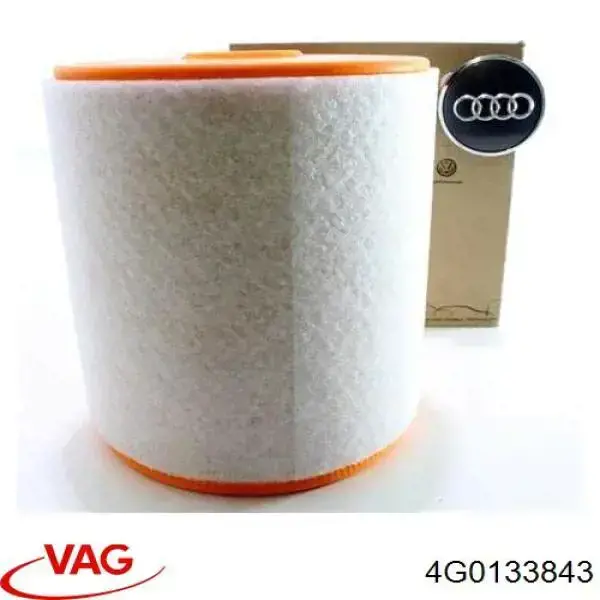 Элемент воздушного фильтра VAG 4G0133843 цена, от 34.93 USD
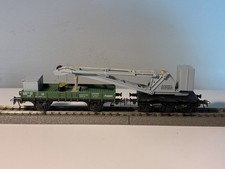 Dietzel H0  Kranwagen  mit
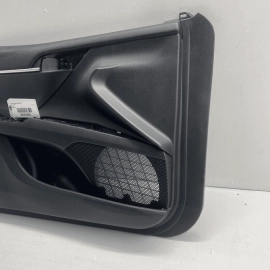 TOYOTA CAMRY FRONT LEFT DRIVER SIDE PANEL TRIM COVE INTERIOR DOOR OEM 2018-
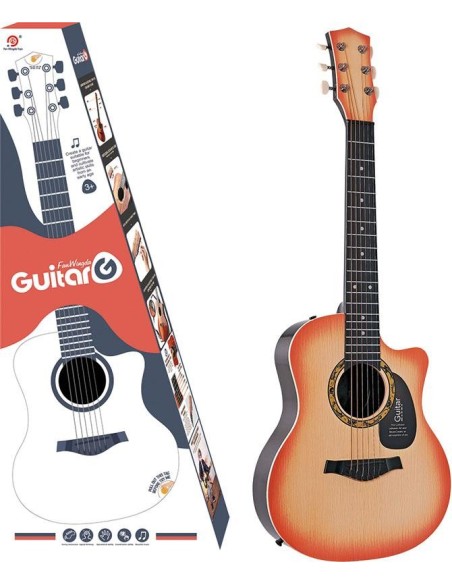 Guitarra Española de Juguete 81 cm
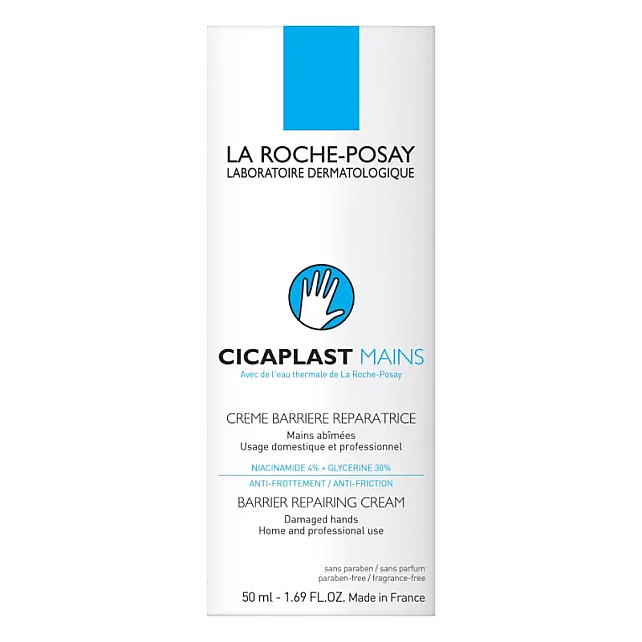 La Roche Posay Cicaplast Mains - El Kremi 50ml - 2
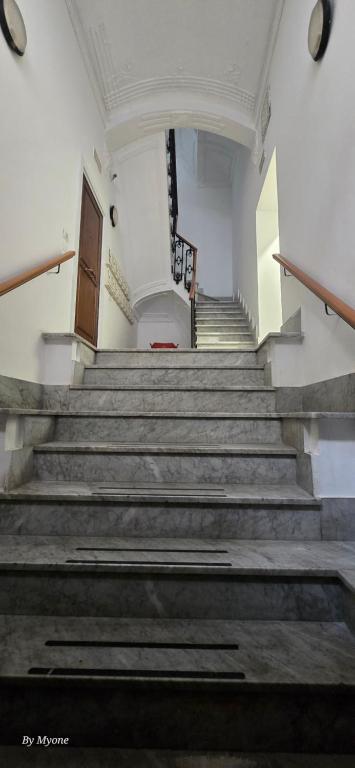 Appartamenti La Dimora di Parthenope Centro Storico - Resim 30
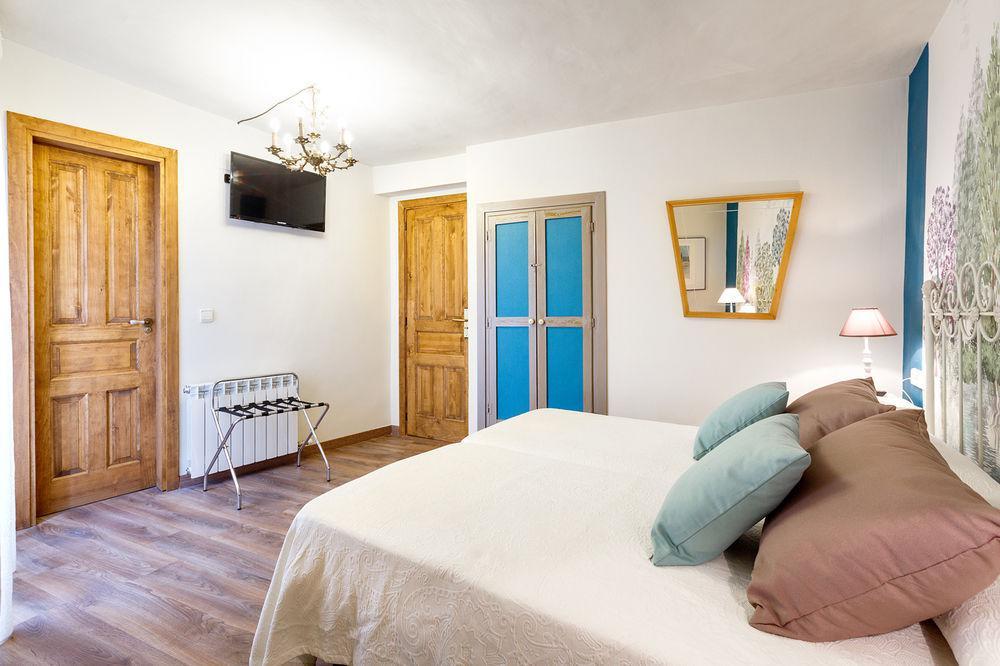 Hotel Villa San Jorge Azanúy Εξωτερικό φωτογραφία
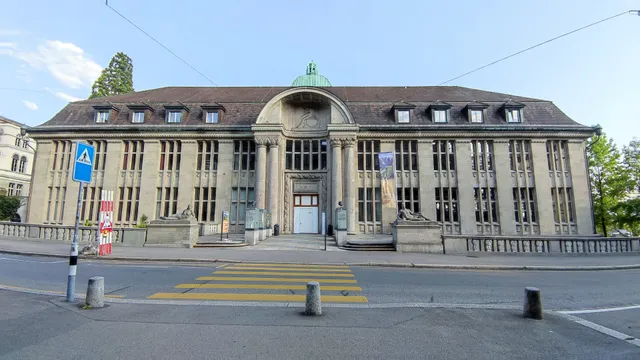 Natural History Museum of the University of Zurich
——————————
**Assignment**
Transcribe each entry exactly, pictures excluded.

**Result**
 Элемент воздушного фильтра VAG 4G0133843 цена, от 34.93 USD
 Dietzel H0  Kranwagen  mit
 TOYOTA CAMRY FRONT LEFT DRIVER SIDE PANEL TRIM COVE INTERIOR DOOR OEM 2018-
 Guitarra Española de Juguete 81 cm
 La Roche Posay Cicaplast Mains - El Kremi 50ml - 2
 Appartamenti La Dimora di Parthenope Centro Storico - Resim 30
 Hotel Villa San Jorge Azanúy Εξωτερικό φωτογραφία
 Natural History Museum of the University of Zurich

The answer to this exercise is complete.